Towards a framework for airborne EO/IR surveillance. An introduction to simultaneous localisation and map building
Publish date: 2003-01-01
Report number: FOI-R--1031--SE
Pages: 61
Written in: English
Abstract
The need for autonomous sensor data processing and sensor management in UAV surveillance and reconnaissance systems will increase. An important question is how to fuse sensor observations with prior information and navigation data, taking into account their associated uncertainties in an appropriate way. Another question is how to represent objects and landmarks in the environment in order to facilitate distributed data fusion and cooperative information gathering using multiple platforms. Simultaneous Localisation and Map Building (SLAM) is the process of concurrently building up a feature-based map of the environment and using this map to estimate the location of the platform. The platform starts in an uncertain or unknown location, with or without prior information about the environment. The position and orientation of the vehicle and the locations of landmarks (features) are estimated on-line with dead-reckoning and relative observations of the landmarks.

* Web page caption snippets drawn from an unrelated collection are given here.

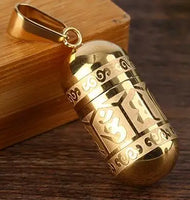 Stainless Steel Om Mani Padme Hum Prayer Wheel Mantra Buddhism Rotatable Necklace Cremation Jewelry Capsule Ash Urn Holder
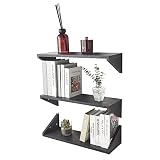 Kaboon Floating Shelves 24 x 8 in Set of 3, Book Shelf Wall Mounted, Shelves for Wall Decor and Stor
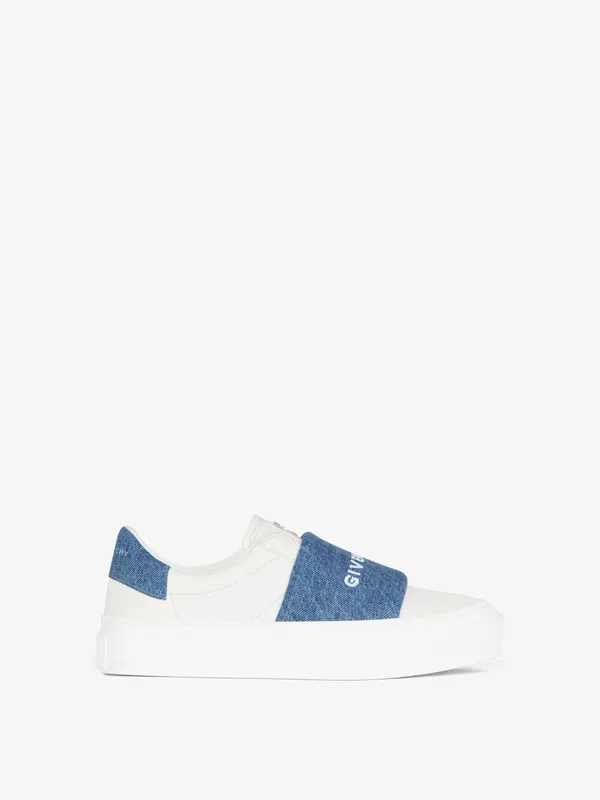 Givenchy City Sport sneakers in leather with denim strap (BE0029E1SB-114)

A number of methods have been proposed for addressing the SLAM problem. In this report two methods are presented, EKF and SEIF. EKF SLAM is based on the well-known Extended Kalman Filter and SEIF (Sparse Extended Information Filter) SLAM is based on the information form of the EKF. In SLAM, the normalized information matrix is typically sparse and the SEIF method exploits this fact by approximating the information matrix. The resulting algorithm is much more computationally efficient than EKF SLAM. The- report ends with a discussion about future work on multi-vehicle SLAM with EO/IR-sensors.